David Paul Hammer had strangled a cellmate in a Pennsylvania penitentiary in 1996.

David Paul Hammer: On death row
David Paul Hammer: On death rowRead more

THE FATE of a federal death-row inmate, who strangled his cellmate in a central Pennsylvanian penitentiary 18 years ago and who has made national headlines, is now in the hands of a federal judge in Philadelphia.

David Paul Hammer, an Oklahoma native who is housed on death row in the U.S. penitentiary in Terre Haute, Ind., has been appearing via video link in a Philadelphia courtroom for a resentencing hearing before U.S. District Judge Joel Slomsky during the last two weeks.

His death sentence was vacated by a different judge in 2005.

Slomsky will be deciding whether Hammer, 55, should be sentenced to death - again - or whether he should spend the rest of his life in prison.

The resentencing hearing began June 2. It was not heard yesterday, and the parties will reconvene June 23 after a one-week break.

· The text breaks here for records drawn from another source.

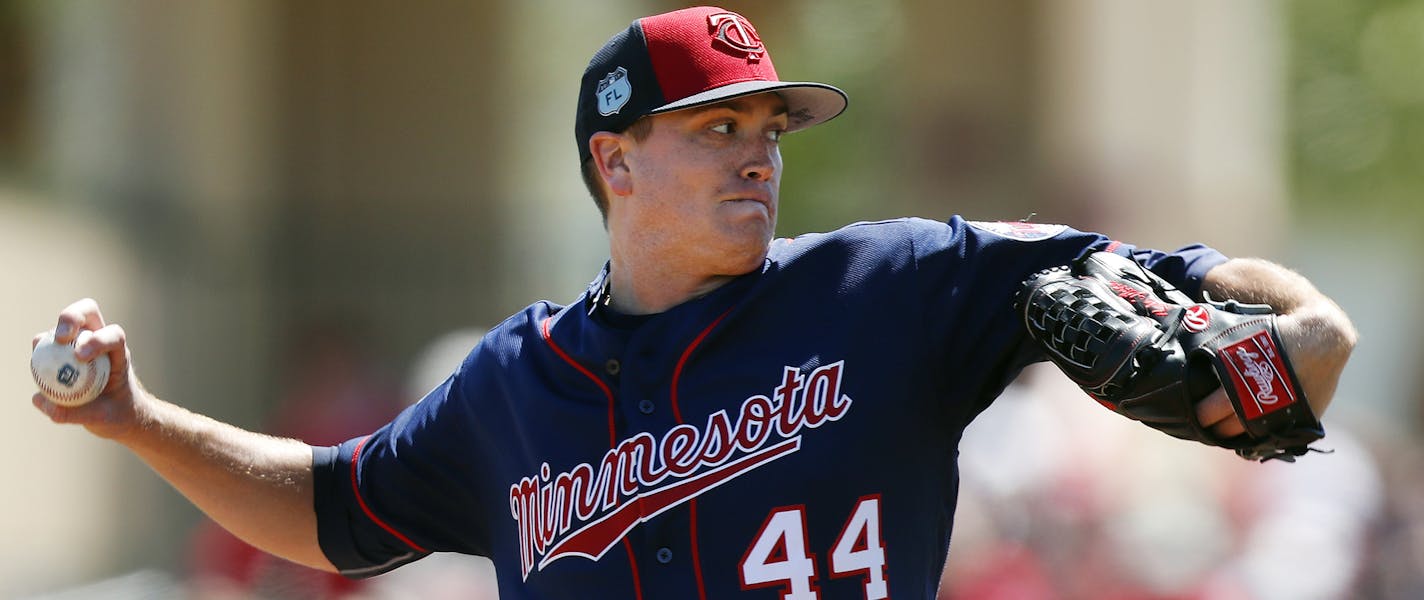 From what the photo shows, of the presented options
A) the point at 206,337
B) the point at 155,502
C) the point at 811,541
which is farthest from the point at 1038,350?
the point at 206,337

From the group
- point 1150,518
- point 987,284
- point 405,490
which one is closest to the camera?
point 987,284

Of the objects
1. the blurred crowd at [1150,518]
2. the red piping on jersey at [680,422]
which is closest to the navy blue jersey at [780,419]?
the red piping on jersey at [680,422]

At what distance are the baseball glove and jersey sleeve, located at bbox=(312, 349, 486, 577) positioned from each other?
1122 millimetres

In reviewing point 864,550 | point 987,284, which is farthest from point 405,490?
point 987,284

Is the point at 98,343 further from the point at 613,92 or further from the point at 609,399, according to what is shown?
the point at 613,92

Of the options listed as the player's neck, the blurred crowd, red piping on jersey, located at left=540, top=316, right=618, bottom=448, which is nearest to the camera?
red piping on jersey, located at left=540, top=316, right=618, bottom=448

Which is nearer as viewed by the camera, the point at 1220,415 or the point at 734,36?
the point at 1220,415

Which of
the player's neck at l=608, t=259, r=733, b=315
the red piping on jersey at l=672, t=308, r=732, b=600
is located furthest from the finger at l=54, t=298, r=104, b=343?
the red piping on jersey at l=672, t=308, r=732, b=600

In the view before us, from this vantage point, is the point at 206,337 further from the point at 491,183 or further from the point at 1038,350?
the point at 1038,350

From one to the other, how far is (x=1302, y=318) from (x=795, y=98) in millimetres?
975

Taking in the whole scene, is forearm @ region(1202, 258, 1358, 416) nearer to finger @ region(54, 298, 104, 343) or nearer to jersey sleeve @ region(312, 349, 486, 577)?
jersey sleeve @ region(312, 349, 486, 577)

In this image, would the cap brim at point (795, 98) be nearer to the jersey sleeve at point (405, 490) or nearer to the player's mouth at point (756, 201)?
the player's mouth at point (756, 201)

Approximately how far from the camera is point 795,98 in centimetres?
301

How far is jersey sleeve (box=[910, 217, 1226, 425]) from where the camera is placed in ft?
9.11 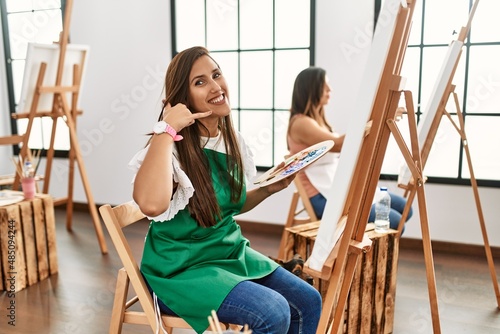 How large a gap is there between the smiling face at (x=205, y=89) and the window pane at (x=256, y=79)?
2.29 m

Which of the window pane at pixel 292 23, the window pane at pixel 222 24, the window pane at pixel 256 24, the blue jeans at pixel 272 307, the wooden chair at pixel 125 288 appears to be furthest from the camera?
the window pane at pixel 222 24

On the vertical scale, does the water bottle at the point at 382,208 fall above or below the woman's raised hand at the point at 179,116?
below

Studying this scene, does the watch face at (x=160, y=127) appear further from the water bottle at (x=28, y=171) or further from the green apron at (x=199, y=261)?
the water bottle at (x=28, y=171)

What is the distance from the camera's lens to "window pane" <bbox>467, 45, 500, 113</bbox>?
10.6 ft

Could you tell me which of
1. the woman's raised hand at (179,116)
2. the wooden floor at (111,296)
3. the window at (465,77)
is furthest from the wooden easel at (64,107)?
the window at (465,77)

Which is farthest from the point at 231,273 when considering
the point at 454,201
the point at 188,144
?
the point at 454,201

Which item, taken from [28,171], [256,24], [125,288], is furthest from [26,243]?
[256,24]

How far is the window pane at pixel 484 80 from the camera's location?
3.22 metres

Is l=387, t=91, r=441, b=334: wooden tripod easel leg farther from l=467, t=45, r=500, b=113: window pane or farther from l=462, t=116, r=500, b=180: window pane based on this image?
l=467, t=45, r=500, b=113: window pane

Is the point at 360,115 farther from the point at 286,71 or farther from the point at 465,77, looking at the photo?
the point at 286,71

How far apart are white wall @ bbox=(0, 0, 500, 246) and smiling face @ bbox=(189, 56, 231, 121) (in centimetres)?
210

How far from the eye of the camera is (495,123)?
3.26 metres

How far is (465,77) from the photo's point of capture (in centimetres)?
327

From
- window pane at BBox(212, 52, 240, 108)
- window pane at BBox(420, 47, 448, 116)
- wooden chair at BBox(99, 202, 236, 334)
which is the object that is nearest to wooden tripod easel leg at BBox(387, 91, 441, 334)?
wooden chair at BBox(99, 202, 236, 334) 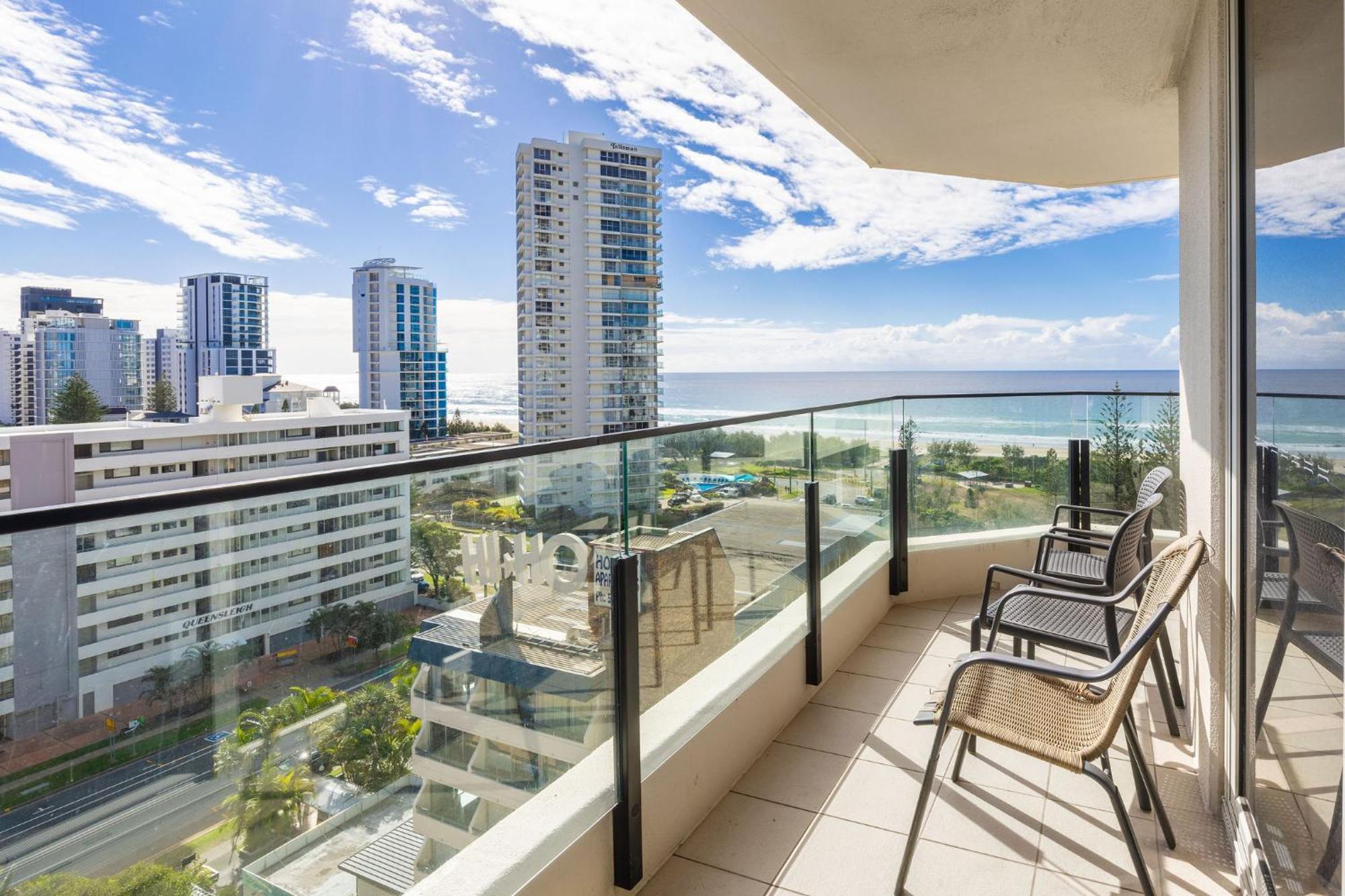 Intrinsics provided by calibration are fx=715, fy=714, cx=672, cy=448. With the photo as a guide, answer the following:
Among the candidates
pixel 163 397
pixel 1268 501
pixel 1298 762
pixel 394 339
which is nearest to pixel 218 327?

Defense attorneys yesterday declined to comment on the case.

Federal prosecutors did not return calls or an email for comment.

Hammer has made national headlines, in part, because he has flip-flopped numerous times over whether to challenge his death sentence. He had expressed a wish to be executed, but has also filed appeals to avoid the death penalty.

Executive Director Richard Dieter of the Washington, D.C.-based Death Penalty Information Center, a national nonprofit resource center, said yesterday that mental illness "could well be playing a part" in the "ping-pong nature of the case."

He said he can't speak about Hammer's specific mental state, but said it could play a factor in the judge's decision.

According to the center, three federal inmates have been executed since the federal death penalty was reinstated in 1988.

The most recent was in 2003 when Louis Jones Jr. was executed for a Texas slaying.

In June 2001, Oklahoma City bomber Timothy McVeigh was executed as was Juan Garza, who murdered three people in Texas.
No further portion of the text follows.